Hemoglobin E (HbE) is a hemoglobin variant caused by a point mutation in codon 26 of the β-globin gene which substitutes lysine for glutamic acid. HbAE is most common in Southeast Asia, especially northeast and eastern India and eastern Thailand [3] where more than 50% of some populations have HbAE [4]. In addition, HbAE is also prevalent in Myanmar, Indonesia, and Malaysia [3]. Fortunately, HbAE protects against severe P. falciparum malaria [5] and explains why this variant is common in malaria-endemic regions. HbAE is characterized by microcytosis without anemia and has no clinical significance for carriers. HbAE can be screened-for/diagnosed using high-pressure liquid chromatography (HPLC), acid/alkaline hemoglobin electrophoresis, isoelectric focusing, or DNA-based tests.

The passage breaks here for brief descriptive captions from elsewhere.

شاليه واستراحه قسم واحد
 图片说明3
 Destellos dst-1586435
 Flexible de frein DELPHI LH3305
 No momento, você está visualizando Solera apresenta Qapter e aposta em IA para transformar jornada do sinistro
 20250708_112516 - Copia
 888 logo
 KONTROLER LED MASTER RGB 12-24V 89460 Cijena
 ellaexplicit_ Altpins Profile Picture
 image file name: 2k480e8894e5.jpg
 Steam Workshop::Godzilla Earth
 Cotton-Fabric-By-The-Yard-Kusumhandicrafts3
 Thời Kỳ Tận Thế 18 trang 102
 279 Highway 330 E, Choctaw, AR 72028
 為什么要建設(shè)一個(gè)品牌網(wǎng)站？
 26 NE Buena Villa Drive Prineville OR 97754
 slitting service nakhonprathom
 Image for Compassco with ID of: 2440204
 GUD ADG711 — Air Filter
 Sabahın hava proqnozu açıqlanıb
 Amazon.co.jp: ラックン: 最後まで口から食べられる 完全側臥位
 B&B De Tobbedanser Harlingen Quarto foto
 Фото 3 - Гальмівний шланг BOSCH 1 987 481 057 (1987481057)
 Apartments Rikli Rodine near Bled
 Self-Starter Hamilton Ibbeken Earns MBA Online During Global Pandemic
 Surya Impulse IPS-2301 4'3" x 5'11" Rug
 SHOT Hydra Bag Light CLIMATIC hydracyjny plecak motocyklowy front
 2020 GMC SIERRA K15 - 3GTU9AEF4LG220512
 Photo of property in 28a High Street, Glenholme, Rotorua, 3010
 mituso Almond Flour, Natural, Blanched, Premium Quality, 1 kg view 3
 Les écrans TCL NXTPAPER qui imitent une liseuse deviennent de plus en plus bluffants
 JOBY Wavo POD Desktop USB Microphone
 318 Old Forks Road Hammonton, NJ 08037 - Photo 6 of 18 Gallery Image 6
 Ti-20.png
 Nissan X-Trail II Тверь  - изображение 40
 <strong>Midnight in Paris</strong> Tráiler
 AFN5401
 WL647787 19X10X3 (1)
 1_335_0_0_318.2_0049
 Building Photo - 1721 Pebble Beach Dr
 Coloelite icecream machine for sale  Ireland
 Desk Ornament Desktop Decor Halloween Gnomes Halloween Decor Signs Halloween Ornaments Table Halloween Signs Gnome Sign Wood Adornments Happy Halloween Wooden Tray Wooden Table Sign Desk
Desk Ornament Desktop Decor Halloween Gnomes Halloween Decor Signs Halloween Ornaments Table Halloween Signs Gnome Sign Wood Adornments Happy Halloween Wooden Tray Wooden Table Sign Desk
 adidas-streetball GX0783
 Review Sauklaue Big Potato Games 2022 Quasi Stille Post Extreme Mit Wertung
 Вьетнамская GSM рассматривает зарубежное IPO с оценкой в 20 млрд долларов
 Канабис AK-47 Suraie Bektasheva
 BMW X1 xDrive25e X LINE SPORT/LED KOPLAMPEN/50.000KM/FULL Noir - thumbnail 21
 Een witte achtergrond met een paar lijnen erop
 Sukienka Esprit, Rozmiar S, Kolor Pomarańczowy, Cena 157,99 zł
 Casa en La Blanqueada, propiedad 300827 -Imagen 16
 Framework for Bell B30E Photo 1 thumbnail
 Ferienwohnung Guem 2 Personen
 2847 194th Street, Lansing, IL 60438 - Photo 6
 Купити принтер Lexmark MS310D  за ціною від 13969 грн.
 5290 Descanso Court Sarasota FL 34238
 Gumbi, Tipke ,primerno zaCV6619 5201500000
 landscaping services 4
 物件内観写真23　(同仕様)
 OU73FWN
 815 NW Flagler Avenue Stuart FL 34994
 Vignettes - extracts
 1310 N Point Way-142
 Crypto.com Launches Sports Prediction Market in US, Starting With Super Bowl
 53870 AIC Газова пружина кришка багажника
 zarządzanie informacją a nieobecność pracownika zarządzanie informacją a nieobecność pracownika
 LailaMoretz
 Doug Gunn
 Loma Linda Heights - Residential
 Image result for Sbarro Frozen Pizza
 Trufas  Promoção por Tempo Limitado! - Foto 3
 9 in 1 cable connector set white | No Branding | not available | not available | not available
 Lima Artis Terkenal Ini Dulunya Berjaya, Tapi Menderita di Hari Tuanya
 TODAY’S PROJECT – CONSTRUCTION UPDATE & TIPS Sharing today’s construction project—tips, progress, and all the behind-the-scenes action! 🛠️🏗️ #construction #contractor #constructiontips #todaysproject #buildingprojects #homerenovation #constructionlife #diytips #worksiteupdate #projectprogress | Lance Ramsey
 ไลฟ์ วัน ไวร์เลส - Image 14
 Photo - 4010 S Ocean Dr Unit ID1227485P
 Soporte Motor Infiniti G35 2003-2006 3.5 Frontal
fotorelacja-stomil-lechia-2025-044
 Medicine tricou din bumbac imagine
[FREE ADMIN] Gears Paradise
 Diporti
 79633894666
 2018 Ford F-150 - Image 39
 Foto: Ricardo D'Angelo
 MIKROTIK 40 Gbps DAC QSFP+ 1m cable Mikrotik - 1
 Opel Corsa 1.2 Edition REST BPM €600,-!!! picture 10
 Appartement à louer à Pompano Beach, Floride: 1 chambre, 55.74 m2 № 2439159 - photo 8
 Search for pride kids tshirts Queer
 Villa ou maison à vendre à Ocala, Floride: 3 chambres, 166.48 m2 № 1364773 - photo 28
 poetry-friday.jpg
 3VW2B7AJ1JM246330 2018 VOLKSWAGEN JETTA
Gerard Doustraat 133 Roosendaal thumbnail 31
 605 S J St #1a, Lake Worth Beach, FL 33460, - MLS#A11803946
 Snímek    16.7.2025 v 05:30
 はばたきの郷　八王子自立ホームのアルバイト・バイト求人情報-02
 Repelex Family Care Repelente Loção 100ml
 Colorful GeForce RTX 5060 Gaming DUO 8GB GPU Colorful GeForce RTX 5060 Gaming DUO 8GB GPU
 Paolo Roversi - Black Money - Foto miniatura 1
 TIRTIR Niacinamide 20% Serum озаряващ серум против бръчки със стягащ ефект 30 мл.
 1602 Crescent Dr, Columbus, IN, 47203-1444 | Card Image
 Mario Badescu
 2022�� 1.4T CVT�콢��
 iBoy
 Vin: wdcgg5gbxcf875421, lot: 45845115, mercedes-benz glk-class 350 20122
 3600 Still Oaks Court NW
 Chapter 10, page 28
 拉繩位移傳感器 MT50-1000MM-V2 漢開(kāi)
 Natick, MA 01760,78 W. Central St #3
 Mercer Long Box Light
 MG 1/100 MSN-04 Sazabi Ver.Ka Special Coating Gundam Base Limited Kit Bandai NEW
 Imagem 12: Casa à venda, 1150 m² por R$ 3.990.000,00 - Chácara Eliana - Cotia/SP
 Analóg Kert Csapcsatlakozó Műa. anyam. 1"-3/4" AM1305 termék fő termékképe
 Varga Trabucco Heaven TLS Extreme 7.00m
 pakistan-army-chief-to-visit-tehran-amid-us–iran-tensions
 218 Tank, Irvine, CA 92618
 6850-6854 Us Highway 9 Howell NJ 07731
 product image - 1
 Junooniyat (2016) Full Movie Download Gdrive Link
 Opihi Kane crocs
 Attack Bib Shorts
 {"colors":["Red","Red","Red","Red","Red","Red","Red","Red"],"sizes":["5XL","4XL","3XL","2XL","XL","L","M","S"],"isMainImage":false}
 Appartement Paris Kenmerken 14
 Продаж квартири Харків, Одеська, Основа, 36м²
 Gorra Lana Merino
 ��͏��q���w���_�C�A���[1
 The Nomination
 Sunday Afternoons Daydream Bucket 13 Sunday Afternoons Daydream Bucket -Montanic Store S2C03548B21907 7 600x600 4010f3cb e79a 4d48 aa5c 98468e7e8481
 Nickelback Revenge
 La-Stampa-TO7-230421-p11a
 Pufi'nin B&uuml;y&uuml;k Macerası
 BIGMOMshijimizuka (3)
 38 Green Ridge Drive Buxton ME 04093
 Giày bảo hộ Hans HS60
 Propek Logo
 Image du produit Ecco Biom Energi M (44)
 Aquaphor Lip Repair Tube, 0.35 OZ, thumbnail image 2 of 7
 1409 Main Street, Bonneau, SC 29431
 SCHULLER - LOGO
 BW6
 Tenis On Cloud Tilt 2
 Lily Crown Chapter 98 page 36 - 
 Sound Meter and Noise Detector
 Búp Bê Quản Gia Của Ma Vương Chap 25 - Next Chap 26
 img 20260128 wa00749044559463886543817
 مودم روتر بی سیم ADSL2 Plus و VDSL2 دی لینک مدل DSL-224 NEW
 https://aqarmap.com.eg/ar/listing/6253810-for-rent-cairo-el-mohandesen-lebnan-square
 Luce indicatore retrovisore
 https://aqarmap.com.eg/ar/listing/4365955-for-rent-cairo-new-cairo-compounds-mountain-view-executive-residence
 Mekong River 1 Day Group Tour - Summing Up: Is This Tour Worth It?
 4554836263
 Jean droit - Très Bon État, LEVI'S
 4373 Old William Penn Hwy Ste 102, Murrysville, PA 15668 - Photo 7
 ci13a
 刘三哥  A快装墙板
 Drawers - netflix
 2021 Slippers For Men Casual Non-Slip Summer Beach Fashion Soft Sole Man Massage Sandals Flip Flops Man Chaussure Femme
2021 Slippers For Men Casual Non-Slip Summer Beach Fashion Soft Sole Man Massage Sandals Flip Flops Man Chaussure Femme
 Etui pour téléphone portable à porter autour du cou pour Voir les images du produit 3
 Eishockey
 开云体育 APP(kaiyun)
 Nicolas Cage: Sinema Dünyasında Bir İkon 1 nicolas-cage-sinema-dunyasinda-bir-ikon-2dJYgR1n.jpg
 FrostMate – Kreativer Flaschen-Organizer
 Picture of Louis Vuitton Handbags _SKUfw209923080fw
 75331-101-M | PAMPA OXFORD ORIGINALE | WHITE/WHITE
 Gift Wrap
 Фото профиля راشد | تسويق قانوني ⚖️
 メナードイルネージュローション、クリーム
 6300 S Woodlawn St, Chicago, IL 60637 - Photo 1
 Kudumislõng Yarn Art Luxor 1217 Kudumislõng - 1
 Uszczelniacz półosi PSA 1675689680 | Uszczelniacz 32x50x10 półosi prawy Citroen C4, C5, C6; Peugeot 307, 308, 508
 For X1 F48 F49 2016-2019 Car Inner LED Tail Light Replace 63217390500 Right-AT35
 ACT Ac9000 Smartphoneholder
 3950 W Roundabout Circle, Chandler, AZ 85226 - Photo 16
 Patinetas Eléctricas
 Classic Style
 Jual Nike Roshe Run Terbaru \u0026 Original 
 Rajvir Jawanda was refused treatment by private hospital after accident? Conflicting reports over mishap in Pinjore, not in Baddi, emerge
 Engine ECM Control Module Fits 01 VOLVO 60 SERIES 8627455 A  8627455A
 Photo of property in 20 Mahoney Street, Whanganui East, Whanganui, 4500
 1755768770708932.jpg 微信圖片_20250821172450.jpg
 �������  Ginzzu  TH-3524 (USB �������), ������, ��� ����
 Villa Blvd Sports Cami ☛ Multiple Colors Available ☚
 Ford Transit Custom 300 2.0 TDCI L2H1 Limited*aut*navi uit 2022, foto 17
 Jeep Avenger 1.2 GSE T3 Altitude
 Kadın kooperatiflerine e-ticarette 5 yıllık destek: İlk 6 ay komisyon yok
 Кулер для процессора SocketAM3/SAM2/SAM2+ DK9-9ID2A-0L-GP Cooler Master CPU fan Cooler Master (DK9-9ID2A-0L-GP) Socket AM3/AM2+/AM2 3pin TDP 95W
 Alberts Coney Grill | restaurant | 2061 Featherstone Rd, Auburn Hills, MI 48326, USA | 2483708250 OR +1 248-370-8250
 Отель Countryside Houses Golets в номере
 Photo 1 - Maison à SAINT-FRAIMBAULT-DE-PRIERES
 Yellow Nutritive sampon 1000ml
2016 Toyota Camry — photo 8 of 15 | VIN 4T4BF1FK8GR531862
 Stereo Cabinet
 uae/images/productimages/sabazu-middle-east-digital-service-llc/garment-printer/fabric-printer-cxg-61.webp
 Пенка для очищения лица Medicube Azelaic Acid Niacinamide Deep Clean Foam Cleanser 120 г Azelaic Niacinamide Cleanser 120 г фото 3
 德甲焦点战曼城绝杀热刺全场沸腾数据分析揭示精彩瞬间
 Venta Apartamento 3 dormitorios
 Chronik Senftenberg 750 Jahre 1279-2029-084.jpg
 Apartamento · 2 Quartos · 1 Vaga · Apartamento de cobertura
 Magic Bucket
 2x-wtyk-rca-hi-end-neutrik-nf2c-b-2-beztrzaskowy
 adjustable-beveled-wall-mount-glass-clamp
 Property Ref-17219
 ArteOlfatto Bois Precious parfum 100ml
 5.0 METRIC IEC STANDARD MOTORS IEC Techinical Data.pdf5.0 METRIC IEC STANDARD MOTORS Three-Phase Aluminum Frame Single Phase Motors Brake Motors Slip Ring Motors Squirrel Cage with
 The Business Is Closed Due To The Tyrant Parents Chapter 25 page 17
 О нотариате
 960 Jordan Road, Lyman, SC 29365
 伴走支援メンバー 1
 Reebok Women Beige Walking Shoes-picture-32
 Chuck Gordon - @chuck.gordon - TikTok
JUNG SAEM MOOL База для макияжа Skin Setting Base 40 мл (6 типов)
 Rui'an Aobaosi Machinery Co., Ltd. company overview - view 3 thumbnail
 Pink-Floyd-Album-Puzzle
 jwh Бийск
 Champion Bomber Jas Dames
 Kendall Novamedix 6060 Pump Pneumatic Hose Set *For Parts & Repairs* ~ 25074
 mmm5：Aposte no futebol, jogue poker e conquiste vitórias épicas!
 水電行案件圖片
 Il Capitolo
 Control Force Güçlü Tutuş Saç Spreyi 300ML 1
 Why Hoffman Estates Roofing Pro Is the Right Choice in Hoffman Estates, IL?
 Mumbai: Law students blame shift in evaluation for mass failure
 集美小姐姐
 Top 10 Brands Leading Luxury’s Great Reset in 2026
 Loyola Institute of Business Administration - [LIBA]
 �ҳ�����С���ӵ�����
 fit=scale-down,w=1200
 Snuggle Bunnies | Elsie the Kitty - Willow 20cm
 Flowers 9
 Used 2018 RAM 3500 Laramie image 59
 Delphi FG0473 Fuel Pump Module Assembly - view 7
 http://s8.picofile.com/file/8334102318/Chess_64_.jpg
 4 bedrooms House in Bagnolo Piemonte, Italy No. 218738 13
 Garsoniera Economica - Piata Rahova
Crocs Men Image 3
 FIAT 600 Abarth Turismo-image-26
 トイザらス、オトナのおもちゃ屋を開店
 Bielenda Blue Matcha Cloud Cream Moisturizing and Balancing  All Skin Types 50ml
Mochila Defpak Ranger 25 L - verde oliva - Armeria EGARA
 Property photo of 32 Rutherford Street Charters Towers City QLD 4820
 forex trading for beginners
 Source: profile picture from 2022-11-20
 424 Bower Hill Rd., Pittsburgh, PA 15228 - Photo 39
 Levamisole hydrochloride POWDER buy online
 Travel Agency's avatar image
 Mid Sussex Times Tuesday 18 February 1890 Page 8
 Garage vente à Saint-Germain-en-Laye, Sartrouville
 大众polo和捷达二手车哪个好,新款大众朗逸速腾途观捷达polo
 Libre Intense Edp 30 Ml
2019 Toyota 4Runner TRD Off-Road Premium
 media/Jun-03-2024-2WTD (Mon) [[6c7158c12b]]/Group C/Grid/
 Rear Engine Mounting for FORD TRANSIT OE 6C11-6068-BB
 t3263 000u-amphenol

Instead of using routine, “standard-issue” RBC units for exchange transfusion to ameliorate severe malaria (by removing infected, cytoadherent RBCs and replacing them with “standard-issue” RBCs), we suggest evaluating the efficacy of selective HbAE-RBC T-REX. In hospitals without an automated RBC-exchange machine, manual RBC exchange can be performed. Fortunately, HbAE RBCs are already commonly and safely used to treat blood loss. Because clinical studies have shown that HbAE-RBCs are protective against severe P. falciparum malaria, HbAE-RBC T-REX could prove to be life-saving. Fortunately, HbAE-RBC T-REX is feasible because (1) individuals with HbAE are generally asymptomatic, not anemic, and qualify as blood donors, (2) up to 50% of individuals in regions of India and Thailand have HbAE, and (3) blood banks can identify units as HbAE by testing the donors or a blood-tubing segment for low mean corpuscular hemoglobin (MCV), followed by confirmatory testing. Of course, severely anemic patients could receive HbAE-RBC blood transfusions before undergoing HbAE-RBC T-REX.

Because more than 400,000 P. falciparum malaria patients still die each year due to delayed drug administration or multi-drug resistance, non-drug cell therapies warrant serious consideration. Fortunately, compelling clinical data and modern public health infrastructures mean that selective HbAE-RBC T-REX can—and should—be evaluated for the prevention or amelioration of severe malaria in high-risk patients in regions where HbAE donor blood is available.

Compliance with ethical standards

Conflict of interest

Ryan Jajosky is the CEO and part-owner of Biconcavity Inc. Philip Jajosky is CFO and part-owner of Biconcavity Inc, a biotechnology research and development company exploring drug-linked-erythrocytes. This company does not have any interest in Hemoglobin E or malaria.